Segment Start: EXERCISE MATERIALS
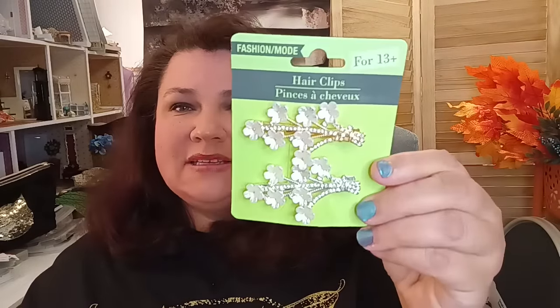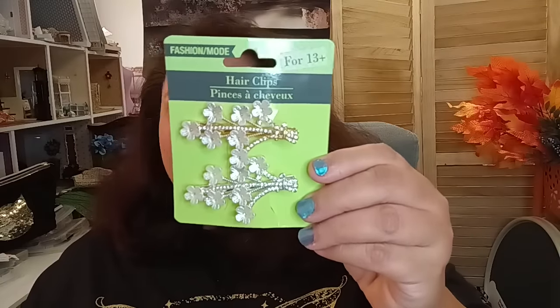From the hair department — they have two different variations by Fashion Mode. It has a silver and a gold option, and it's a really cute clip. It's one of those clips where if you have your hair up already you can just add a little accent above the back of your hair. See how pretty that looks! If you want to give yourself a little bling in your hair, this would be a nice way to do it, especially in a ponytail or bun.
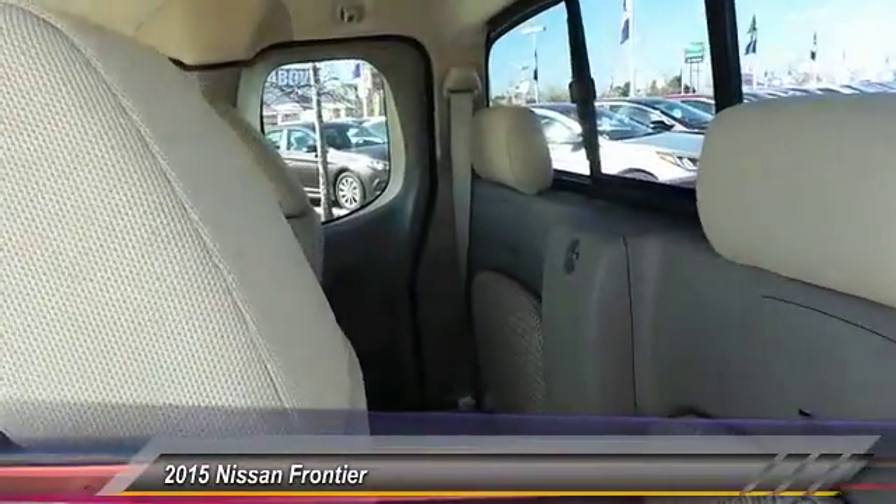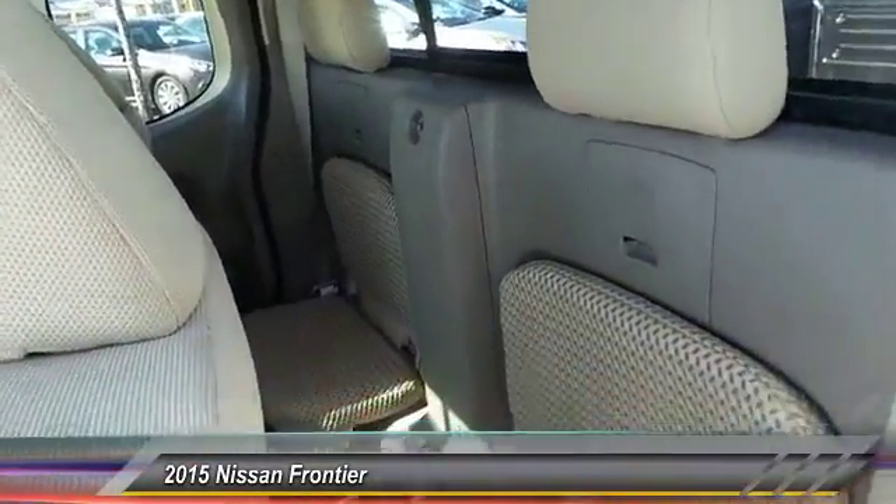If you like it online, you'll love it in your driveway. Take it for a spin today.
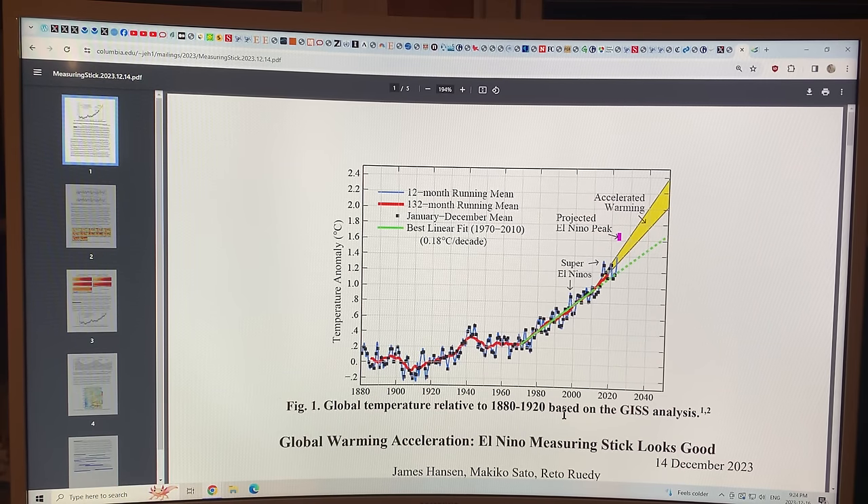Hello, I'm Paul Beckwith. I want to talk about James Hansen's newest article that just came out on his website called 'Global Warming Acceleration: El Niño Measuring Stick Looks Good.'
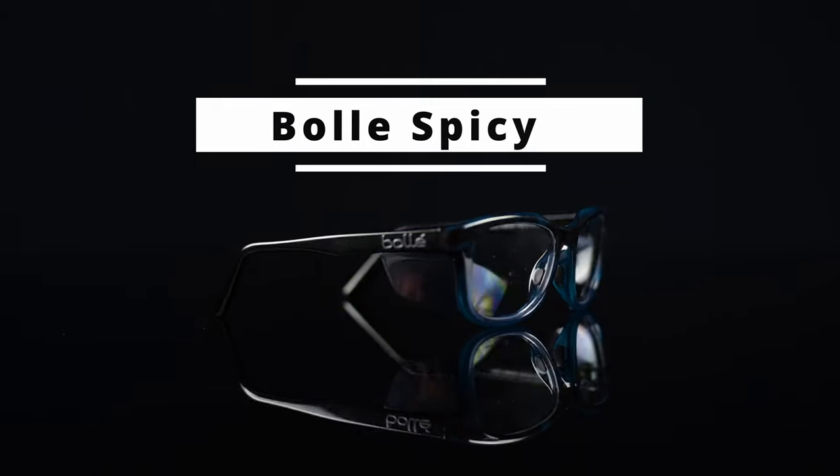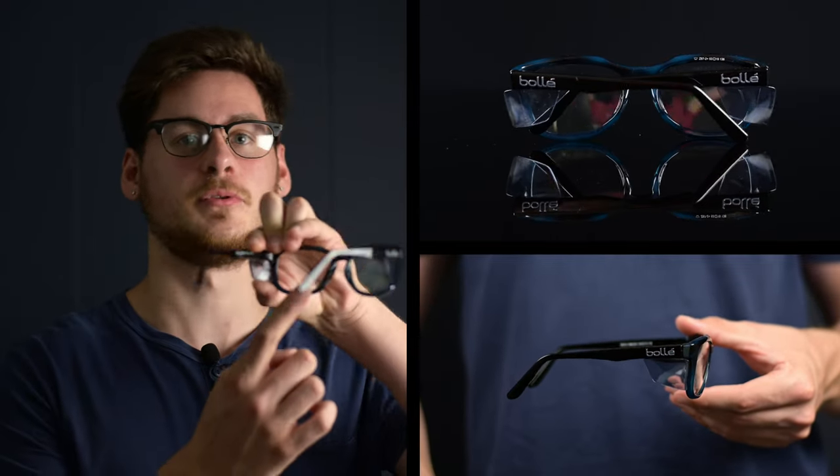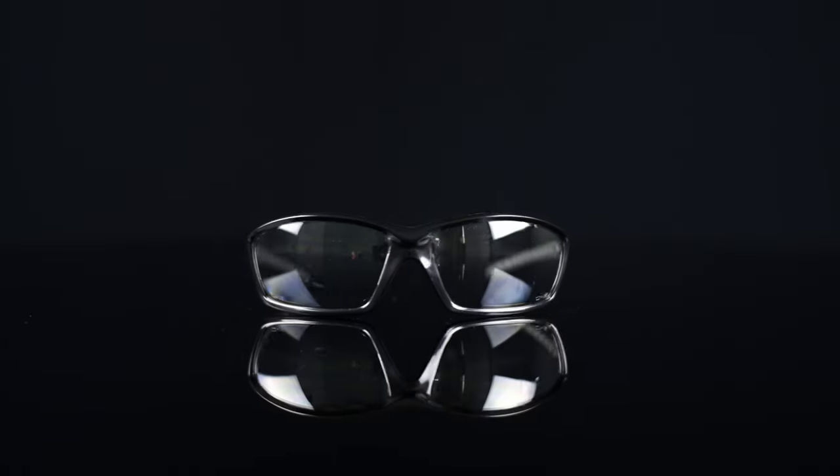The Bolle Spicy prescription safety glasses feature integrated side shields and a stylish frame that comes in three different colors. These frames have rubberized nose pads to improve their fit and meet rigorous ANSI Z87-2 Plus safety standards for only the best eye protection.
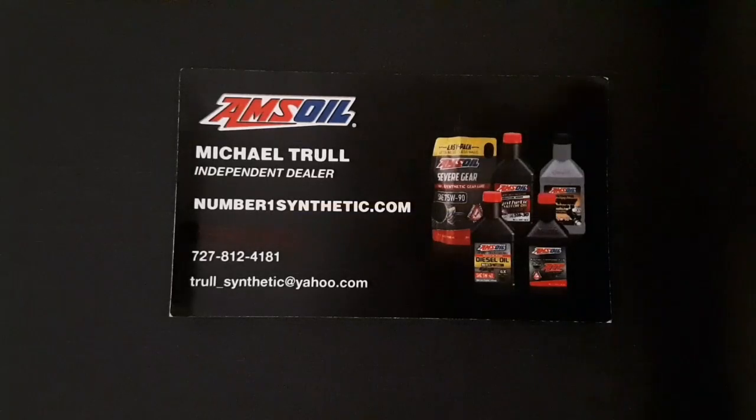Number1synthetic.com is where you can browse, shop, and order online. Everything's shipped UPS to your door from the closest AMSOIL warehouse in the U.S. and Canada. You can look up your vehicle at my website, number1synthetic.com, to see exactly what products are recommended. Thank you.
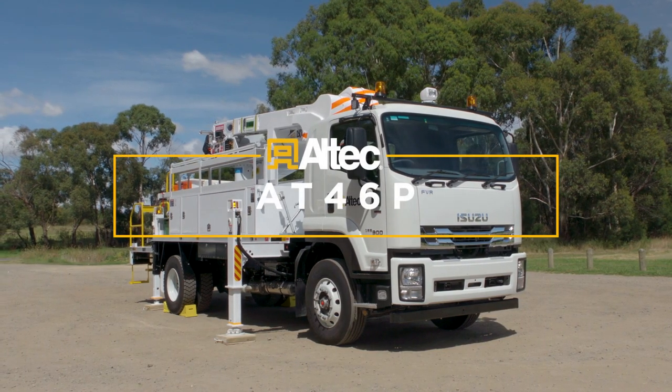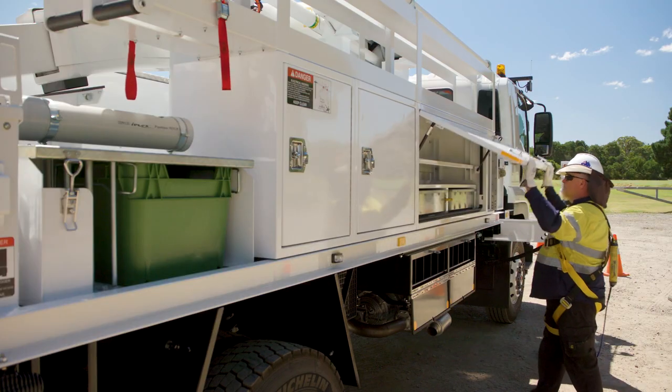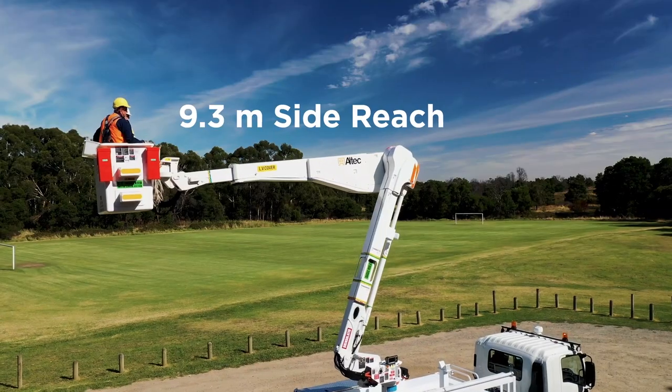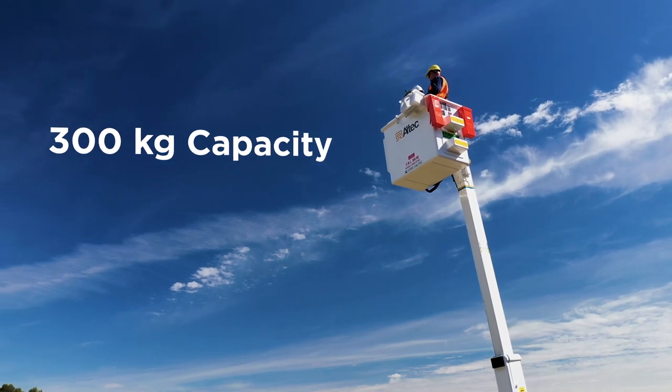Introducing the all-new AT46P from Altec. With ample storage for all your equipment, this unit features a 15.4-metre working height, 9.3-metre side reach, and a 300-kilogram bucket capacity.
Segment End: EXERCISE MATERIALS
* **WHAT IS REQUIRED**
This exercise asks for the data above to be given again exactly, without pictures.

* **RESPONSE**
From the hair department — they have two different variations by Fashion Mode. It has a silver and a gold option, and it's a really cute clip. It's one of those clips where if you have your hair up already you can just add a little accent above the back of your hair. See how pretty that looks! If you want to give yourself a little bling in your hair, this would be a nice way to do it, especially in a ponytail or bun.
If you like it online, you'll love it in your driveway. Take it for a spin today.
Hello, I'm Paul Beckwith. I want to talk about James Hansen's newest article that just came out on his website called 'Global Warming Acceleration: El Niño Measuring Stick Looks Good.'
The Bolle Spicy prescription safety glasses feature integrated side shields and a stylish frame that comes in three different colors. These frames have rubberized nose pads to improve their fit and meet rigorous ANSI Z87-2 Plus safety standards for only the best eye protection.
Number1synthetic.com is where you can browse, shop, and order online. Everything's shipped UPS to your door from the closest AMSOIL warehouse in the U.S. and Canada. You can look up your vehicle at my website, number1synthetic.com, to see exactly what products are recommended. Thank you.
Introducing the all-new AT46P from Altec. With ample storage for all your equipment, this unit features a 15.4-metre working height, 9.3-metre side reach, and a 300-kilogram bucket capacity.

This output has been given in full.